Women's Sunday at Hyde Park Official Programme & Souvenir
Women's Sunday at Hyde Park Official Programme & Souvenir

On 30th June, 1908, Edith New attended a public meeting in Parliament Square. The authorities decided to send in 5,000 foot police and 50 mounted men to break-up the meeting. Sylvia Pankhurst later reported: "Women spoke from the steps of the Government buildings and offices in Broad Sanctuary, they lifted themselves above the people by the railings round the Abbey Gardens and Palace Yard, or raised their voices standing among the crowds on road or pavement. They were torn by the harrying constables from their foothold and flung into the masses of people... Then roughs appeared, organized gangs, who treated the women with every type of indignity... I was obliged to drop my handbag with keys and purse, to have my hands free to protect myself. The roughs were constantly attempting to drag women down side streets away from the main body of the crowd... Enraged by the violence and indecency in the Square, Mary Leigh and Edith New took a cab into Downing Street, and flung two small stones through the windows of the Prime Minister's house." (4) It was later revealed that these gangs had been hired by Scotland Yard. (5)

The next day at Westminster police court twenty-seven women were sent to prison for terms varying from one to two months. Edith New and Mary Leigh, were sentenced to two months in Holloway Prison. In court the women wore white dresses and were relieved to hear the sentence because they feared it would be a much longer sentence. However, the Manchester Guardian protested in a leading article: "Their stringent imprisonment... violates the public conscience." (6) However, Millicent Fawcett, leader of the National Union of Women's Suffrage Societies (NUWSS), said later that it was this incident that resulted in her condemning the methods being used by the WSPU. (7)

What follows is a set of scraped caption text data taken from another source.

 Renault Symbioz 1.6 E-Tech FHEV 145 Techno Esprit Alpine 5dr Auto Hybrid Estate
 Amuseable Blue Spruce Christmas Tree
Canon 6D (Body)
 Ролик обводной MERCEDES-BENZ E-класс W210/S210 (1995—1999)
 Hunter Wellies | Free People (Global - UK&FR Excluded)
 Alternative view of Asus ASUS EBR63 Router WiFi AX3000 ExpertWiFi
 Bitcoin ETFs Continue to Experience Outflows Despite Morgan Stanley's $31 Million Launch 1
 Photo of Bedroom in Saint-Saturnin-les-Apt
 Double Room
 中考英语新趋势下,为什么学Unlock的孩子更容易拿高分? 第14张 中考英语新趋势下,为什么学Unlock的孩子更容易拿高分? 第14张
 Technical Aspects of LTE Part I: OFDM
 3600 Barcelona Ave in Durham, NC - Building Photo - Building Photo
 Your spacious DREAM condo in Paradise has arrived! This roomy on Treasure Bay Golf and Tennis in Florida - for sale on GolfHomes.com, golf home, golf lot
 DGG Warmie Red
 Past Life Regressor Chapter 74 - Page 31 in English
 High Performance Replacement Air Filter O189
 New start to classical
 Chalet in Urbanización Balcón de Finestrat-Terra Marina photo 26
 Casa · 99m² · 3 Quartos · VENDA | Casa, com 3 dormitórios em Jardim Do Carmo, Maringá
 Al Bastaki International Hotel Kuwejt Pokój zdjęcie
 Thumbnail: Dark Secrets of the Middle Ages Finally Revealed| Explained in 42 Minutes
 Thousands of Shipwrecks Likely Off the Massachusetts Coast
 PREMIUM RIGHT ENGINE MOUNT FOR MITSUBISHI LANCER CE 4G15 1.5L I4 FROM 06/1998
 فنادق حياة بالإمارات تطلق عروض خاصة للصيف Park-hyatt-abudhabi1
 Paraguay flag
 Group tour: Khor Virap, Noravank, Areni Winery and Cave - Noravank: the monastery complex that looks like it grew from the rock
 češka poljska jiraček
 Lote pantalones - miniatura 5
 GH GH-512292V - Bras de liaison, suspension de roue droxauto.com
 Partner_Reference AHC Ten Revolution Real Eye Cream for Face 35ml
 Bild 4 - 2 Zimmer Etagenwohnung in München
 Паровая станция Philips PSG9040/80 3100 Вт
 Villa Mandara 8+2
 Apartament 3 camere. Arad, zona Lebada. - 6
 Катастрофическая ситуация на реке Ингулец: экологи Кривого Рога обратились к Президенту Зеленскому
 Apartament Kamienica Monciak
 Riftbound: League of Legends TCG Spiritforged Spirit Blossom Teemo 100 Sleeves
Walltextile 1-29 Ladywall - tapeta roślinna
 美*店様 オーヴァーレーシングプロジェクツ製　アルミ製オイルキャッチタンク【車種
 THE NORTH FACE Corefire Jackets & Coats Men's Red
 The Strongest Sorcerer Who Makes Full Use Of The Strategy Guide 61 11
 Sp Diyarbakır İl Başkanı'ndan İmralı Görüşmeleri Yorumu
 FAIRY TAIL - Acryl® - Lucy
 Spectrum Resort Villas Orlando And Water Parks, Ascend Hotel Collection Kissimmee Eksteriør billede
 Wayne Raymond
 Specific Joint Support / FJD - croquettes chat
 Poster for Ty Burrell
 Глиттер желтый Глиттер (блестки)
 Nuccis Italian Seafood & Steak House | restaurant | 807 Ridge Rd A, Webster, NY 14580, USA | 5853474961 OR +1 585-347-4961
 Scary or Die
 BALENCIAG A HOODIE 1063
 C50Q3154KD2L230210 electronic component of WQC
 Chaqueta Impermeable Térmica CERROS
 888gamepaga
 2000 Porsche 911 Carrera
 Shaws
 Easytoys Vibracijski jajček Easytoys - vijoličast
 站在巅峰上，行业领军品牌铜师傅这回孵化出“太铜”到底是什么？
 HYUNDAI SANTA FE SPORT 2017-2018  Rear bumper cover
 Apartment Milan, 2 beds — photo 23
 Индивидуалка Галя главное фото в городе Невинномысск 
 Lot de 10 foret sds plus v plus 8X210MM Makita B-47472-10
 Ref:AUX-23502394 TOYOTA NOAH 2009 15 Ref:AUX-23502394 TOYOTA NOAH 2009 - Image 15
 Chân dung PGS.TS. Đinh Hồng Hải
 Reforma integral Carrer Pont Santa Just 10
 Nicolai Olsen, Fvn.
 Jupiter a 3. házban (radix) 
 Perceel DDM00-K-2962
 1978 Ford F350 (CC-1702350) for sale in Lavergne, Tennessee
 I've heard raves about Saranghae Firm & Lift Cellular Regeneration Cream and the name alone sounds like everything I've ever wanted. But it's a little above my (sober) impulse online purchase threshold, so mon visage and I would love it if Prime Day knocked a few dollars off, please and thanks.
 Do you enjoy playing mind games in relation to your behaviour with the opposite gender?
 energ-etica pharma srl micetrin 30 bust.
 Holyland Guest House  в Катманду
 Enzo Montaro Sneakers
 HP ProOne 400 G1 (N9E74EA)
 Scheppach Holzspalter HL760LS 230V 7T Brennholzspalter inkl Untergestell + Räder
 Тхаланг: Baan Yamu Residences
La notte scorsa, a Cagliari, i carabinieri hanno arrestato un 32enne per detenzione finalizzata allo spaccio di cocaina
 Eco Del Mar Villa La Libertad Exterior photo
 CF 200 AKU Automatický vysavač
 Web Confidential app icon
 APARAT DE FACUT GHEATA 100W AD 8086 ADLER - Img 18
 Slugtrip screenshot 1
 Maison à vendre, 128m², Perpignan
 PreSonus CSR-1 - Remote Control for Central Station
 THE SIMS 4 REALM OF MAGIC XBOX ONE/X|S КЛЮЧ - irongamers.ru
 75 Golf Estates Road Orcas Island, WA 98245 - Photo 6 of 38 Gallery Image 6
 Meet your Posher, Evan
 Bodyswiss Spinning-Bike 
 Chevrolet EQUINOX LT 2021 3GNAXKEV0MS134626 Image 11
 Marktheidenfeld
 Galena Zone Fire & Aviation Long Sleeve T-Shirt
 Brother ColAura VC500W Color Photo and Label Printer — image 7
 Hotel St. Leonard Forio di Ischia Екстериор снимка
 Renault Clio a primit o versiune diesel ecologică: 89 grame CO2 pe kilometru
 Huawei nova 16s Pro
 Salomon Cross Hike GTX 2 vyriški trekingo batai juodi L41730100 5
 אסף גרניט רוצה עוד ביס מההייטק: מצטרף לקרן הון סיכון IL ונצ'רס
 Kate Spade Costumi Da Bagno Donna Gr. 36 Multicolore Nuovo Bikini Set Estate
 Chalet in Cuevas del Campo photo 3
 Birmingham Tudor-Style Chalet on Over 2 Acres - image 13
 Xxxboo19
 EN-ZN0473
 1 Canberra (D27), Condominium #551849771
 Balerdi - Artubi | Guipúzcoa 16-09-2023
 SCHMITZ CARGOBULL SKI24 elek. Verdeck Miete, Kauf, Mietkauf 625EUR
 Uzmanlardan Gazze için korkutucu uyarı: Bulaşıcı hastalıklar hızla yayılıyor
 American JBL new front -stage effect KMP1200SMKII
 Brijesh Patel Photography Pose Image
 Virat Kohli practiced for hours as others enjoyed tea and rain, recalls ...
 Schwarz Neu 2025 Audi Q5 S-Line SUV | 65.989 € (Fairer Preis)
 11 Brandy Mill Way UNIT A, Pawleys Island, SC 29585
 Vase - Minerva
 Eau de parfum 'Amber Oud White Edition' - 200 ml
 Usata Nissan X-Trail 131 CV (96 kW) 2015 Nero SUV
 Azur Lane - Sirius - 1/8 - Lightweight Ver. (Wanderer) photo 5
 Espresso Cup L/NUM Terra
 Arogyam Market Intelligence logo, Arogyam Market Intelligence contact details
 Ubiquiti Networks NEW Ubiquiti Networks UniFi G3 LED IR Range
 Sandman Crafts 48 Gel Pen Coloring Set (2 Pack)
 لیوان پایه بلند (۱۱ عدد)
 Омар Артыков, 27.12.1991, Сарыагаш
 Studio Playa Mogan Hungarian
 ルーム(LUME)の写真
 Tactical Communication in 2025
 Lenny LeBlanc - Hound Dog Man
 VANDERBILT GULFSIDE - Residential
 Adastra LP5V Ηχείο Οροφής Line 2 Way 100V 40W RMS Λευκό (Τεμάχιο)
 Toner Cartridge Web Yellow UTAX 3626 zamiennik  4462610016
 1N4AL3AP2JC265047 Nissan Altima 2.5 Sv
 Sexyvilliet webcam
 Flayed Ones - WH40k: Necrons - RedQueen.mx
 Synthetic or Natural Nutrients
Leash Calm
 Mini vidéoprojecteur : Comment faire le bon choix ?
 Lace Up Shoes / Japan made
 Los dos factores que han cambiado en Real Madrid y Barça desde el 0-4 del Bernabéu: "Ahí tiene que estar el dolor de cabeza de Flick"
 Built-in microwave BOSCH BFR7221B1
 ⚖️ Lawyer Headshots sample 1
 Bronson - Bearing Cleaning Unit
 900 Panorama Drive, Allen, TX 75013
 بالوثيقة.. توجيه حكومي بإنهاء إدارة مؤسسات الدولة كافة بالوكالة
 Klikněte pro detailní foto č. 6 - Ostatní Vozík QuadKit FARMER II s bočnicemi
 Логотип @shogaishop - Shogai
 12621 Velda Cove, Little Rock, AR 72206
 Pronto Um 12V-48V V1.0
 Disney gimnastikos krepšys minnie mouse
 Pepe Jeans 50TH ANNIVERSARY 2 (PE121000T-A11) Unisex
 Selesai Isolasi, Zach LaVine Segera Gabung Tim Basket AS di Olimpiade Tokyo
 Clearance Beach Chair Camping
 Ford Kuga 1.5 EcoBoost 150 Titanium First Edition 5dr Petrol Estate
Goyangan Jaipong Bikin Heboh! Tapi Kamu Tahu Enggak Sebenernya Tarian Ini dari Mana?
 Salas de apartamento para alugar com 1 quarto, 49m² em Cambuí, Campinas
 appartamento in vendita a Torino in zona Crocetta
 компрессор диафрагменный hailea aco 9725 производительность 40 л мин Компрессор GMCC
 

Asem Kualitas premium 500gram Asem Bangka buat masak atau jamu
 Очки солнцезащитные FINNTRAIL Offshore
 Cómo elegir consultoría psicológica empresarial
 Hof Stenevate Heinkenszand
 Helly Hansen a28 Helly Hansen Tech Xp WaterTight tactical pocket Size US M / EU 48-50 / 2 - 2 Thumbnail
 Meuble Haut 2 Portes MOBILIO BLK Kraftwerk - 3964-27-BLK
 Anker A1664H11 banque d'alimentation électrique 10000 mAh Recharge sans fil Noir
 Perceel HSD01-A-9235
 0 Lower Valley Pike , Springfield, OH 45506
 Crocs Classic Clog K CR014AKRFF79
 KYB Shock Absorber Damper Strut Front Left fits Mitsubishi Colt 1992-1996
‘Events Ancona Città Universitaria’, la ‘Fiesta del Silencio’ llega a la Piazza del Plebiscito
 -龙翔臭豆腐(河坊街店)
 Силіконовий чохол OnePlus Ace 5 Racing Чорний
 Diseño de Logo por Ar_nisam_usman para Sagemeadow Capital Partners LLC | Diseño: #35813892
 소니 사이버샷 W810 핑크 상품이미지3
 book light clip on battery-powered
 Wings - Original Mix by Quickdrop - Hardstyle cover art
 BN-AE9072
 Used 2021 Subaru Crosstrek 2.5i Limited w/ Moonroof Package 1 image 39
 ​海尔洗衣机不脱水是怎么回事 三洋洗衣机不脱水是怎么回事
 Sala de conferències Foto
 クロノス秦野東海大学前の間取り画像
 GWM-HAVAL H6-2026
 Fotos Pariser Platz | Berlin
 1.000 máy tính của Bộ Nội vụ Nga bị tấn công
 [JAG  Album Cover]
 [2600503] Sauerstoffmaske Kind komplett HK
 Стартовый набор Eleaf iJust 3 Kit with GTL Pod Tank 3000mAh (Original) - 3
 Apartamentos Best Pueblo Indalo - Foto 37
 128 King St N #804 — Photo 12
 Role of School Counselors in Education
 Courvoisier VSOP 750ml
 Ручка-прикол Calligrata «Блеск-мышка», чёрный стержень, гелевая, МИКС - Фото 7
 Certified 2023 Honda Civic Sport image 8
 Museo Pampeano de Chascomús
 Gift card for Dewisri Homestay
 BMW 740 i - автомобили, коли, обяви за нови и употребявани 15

Mary Leigh (left) and Edith New (right) leaving Holloway Prison (23rd August 1908)
Mary Leigh (left) and Edith New (right) leaving Holloway Prison (23rd August 1908)

Edith New and Mary Leigh were released from prison on 23rd August. They were welcomed on release by a team of women in white dresses who drew their carriage from Holloway to Clements Inn. They were greeted by a brass band and accorded a ceremonial welcome breakfast attended by the two main leaders of the WSPU, Emmeline Pankhurst and Christabel Pankhurst. (8)

The carriage of Edith New and Mary Leigh being pulled from Holloway to Queen's Hall in 1908
The carriage of Mary Leigh (left) and Edith New (right) being pulled
from Holloway to Queen's Hall on 23rd August 1908.

On 25th June 1909, Marion Wallace-Dunlop was found guilty of wilful damage and when she refused to pay a fine she was sent to prison for a month. On 5th July, 1909 she petitioned the governor of Holloway Prison: “I claim the right recognized by all civilized nations that a person imprisoned for a political offence should have first-division treatment; and as a matter of principle, not only for my own sake but for the sake of others who may come after me, I am now refusing all food until this matter is settled to my satisfaction.” (9)

Wallace-Dunlop refused to eat for several days. Afraid that she might die and become a martyr, it was decided to release her. According to Joseph Lennon: "She came to her prison cell as a militant suffragette, but also as a talented artist intent on challenging contemporary images of women. After she had fasted for ninety-one hours in London’s Holloway Prison, the Home Office ordered her unconditional release on July 8, 1909, as her health, already weak, began to fail". (10)

On 22nd September 1909 Charlotte Marsh, Laura Ainsworth and Mary Leigh were arrested while disrupting a public meeting being held by Herbert Asquith. Marsh, Ainsworth and Leigh were all sentenced to two weeks' imprisonment. They immediately decided to go on hunger-strike, a strategy developed by Marion Wallace-Dunlop a few weeks earlier. Wallace-Dunlop had been immediately released when she had tried this in Holloway Prison, but the governor of Winson Green Prison, was willing to feed the three women by force. (11)

The authorities believed that force-feeding would act as a deterrent as well as a punishment. This was a serious miscalculation and in many ways it had the opposite effect. Militant members of the WSPU now had beliefs as strong as any religion and now they could argue that women were actually being tortured for their faith. "Suffragettes submitted to force-feeding as a way to express solidarity with their friends as well as to further the cause." Edith New also adopted this approach and endured several hunger-strikes. (12)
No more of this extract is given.